The central entry hall separates the building into different programme-based central spaces. The building’s design is intended to be transparent, daylit and inviting while also protecting patient privacy. The building includes a large skylit atrium in the centre, a large outdoor terrace on the sixth floor, and spaces for science display.

Featuring open staircases and central corridors to accelerate community and catalyse collaborations, the facility is designed to support a rich ecosystem for cross-disciplinary science and discovery.

The building’s warm wood tones and natural light design are intended to avoid the typical clinical atmosphere. The wide corridors facilitate seamless movement for patients with neurological impairments, accommodating wheelchairs and handrails to guide patients from the waiting area to exam rooms and spacious restrooms.

The design is intended to offer a light-filled, human-centred experience that creates a sense of dignity, wellbeing and hope for patients, visitors and researchers.

UCSF Weill Neurosciences Building facilities

The UCSF Weill Neurosciences Building brings together 100 UCSF faculty members from 17 different science and clinical departments to support cross-disciplinary research. The ground floor features neurology outpatient clinics.

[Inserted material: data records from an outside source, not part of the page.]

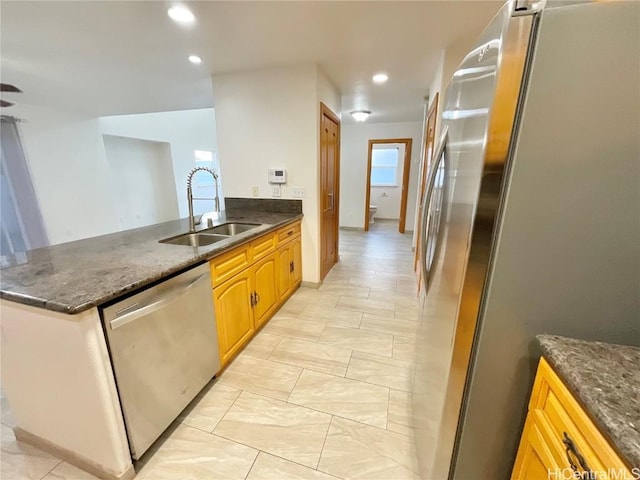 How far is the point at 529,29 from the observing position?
60 cm

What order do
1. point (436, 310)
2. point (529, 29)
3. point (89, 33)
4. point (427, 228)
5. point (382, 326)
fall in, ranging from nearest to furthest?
point (529, 29) → point (436, 310) → point (427, 228) → point (89, 33) → point (382, 326)

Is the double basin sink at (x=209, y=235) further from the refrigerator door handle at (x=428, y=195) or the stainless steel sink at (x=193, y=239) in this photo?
the refrigerator door handle at (x=428, y=195)

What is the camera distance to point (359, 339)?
2195 millimetres

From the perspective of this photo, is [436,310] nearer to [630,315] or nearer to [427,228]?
[427,228]

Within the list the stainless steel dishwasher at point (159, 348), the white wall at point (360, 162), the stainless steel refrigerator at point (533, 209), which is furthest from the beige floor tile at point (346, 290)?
the white wall at point (360, 162)

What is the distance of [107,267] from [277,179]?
1.86 metres

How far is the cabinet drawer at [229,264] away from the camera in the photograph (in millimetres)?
1646

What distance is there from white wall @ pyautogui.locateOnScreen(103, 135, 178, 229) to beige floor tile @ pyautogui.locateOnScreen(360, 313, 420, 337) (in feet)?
20.3

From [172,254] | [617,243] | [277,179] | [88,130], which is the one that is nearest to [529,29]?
[617,243]

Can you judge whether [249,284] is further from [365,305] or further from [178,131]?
[178,131]

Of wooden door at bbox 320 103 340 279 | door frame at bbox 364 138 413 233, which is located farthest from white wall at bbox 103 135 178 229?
wooden door at bbox 320 103 340 279

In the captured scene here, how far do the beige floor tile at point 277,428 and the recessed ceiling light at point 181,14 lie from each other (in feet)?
8.13

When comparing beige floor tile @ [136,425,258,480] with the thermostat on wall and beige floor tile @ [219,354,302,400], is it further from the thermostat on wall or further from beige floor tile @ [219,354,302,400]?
the thermostat on wall

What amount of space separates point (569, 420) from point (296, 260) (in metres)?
2.55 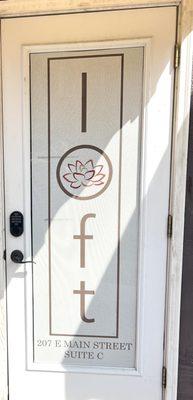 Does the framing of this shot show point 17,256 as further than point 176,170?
Yes

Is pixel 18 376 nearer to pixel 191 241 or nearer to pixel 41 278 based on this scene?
pixel 41 278

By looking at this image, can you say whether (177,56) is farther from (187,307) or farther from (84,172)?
(187,307)

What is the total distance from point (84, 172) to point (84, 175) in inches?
0.6

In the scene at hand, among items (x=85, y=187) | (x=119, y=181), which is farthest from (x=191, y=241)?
(x=85, y=187)

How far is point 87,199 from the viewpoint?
70.1 inches

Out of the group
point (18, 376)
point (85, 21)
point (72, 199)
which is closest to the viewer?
point (85, 21)

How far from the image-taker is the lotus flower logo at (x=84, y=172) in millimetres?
1747

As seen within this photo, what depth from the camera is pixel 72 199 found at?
179 cm

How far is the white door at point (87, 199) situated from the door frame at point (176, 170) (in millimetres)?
35

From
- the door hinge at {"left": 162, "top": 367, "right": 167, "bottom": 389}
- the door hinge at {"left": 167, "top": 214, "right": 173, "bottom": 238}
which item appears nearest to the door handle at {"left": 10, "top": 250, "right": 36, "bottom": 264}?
the door hinge at {"left": 167, "top": 214, "right": 173, "bottom": 238}

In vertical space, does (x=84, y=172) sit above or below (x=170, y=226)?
above

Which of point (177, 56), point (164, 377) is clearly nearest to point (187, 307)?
point (164, 377)

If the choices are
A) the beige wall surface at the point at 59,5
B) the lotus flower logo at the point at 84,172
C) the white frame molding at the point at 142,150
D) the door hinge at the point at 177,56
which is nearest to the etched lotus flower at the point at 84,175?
the lotus flower logo at the point at 84,172

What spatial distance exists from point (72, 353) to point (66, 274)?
0.45 metres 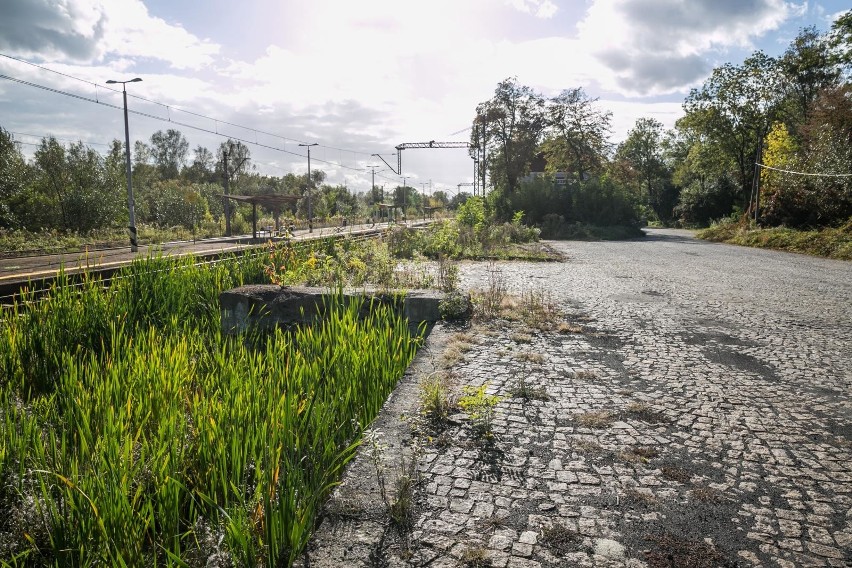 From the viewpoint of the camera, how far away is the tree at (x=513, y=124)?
126ft

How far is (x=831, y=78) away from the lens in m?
38.6

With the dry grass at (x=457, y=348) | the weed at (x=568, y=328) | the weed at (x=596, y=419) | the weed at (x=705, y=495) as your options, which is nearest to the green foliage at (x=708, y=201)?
the weed at (x=568, y=328)

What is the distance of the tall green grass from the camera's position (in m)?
2.20

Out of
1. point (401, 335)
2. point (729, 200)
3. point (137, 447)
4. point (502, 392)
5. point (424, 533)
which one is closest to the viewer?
point (424, 533)

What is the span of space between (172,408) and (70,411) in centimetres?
→ 73

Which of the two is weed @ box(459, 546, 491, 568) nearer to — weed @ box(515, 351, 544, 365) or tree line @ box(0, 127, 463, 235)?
weed @ box(515, 351, 544, 365)

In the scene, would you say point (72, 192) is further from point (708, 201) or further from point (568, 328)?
point (708, 201)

The first, second and third floors accommodate a combination of psychiatric offices, while the fourth, fifth and sixth floors house research laboratories, clinics and office space.

Multiple clinics and research centres in the building incorporate dedicated laboratory areas with engineering and computational resources to better comprehend the brain’s complex biology and circuitry. The building also features shared facilities for research on autoimmune and infectious diseases, as well as brain diseases associated with genetics.

It is also equipped with wet and dry research laboratories and wet laboratory space for the Department of Psychiatry. The facility offers rapid patient intake, integrated diagnostic testing over a couple of days, and multiple consultations with physicians, both in-person or online.

Neurological centres within the building

The clinics in the facility brought together four speciality-care centres, namely the UCSF Memory and Aging Centre, Multiple Sclerosis and Neuroinflammation Centre, Movement Disorder and Neuromodulation Centre, and Neuro-Recovery Clinic. These were previously located on three different UCSF campuses.

The clinics support the diagnosis and treatments of brain tumours, epilepsy, multiple sclerosis, Parkinson’s disease, Alzheimer’s disease and other dementias, and conditions caused by stroke or spinal injuries. The building also includes part of the UCSF Institute for Neurodegenerative Diseases (IND) and the Global Brain Health Institute (GBHI), which work on dementia.

The new UCSF Jan Shrem and Maria Manetti Shrem Neurology Clinic on the first floor evaluates patients’ eligibility for the Neurology Complex Diagnosis Programme. This programme aims to help patients with the diagnosis by recommending improved treatments.

The facility supports the UCSF Medical Centre in providing neurological care to the patients and houses the UCSF Institute for Neurodegenerative Diseases. It features state-of-the-art research laboratories, treatment facilities and clinics for patients with brain and nervous system disorders. The spaces in the facility are customised for different medical and academic requirements.

Contractors involved in the project

San Francisco-based architecture firm Mark Cavagnero Associates was the design architect for the facility, with SmithGroup serving as executive architect.

DPR Construction, a contraction company based in the US, served as the project’s general contractor, while Degenkolb Engineers offered structural engineering services.

The project team also includes real estate development companies SKS Partners and Prado Group.